Fats are Good Too! Sometimes
Fish, flaxseeds, and walnuts include the essential Omega-3 fatty acids, which help reduce inflammation. In addition, it supports cognitive health. Monounsaturated fats from olive oil and nuts contribute to balanced energy and improved heart health.
Here's What You Shouldn’t Do
Say no to sugars
“Just because a drink says ‘pure’ or ‘green tea’ or ‘honey’ doesn’t mean it has less sugar,” says Christine Rosenbloom, a registered dietitian and nutritionist.
She meant to say that just because a coconut water bottle claims it’s completely natural, you shouldn’t trust it blindly; always check the contents on the back.

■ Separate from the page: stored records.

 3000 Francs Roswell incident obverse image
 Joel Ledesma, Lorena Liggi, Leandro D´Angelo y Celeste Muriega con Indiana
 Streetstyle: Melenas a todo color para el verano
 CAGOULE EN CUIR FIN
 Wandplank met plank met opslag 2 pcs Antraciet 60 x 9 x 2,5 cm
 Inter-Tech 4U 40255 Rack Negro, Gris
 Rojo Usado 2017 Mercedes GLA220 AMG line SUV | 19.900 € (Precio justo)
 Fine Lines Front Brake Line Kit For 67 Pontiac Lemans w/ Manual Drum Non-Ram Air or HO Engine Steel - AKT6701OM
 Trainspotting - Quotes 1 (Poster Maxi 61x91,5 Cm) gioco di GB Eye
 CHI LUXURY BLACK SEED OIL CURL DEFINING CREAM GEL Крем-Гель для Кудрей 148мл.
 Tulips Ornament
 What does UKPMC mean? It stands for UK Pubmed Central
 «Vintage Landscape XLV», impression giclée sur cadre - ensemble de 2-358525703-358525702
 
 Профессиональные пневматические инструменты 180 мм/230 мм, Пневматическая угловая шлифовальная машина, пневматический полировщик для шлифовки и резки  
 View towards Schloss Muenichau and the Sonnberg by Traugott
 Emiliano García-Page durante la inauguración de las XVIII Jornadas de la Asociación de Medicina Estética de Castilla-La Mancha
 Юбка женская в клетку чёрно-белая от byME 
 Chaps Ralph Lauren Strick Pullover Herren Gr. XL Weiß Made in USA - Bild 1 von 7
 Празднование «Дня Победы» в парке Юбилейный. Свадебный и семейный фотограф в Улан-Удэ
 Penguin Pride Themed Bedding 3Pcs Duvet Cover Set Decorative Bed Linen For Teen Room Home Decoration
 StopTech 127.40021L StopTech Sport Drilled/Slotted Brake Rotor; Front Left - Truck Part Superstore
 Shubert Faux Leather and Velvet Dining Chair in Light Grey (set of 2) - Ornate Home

Processed Food is a No-Go Zone
According to Farrell Allen, a spokesperson for the Academy of Nutrition and Dietetics, “Hidden sugars can be found in pasta sauces, yogurt, granola bars, instant oatmeal packets, and breakfast cereals.”
Ultra-processed packaged food is excessively high in salt and sugar, which disrupts cholesterol levels, putting the heart at risk. It is advisable to consume them as little as possible.
Excess Red and Processed Meats
Red meat is a good source of protein. However, it is rich in saturated fat. It is advisable to consider lean proteins such as Chicken and Fish. Additionally, processed meats like sausages and salami often contain additives and preservatives linked to health risks.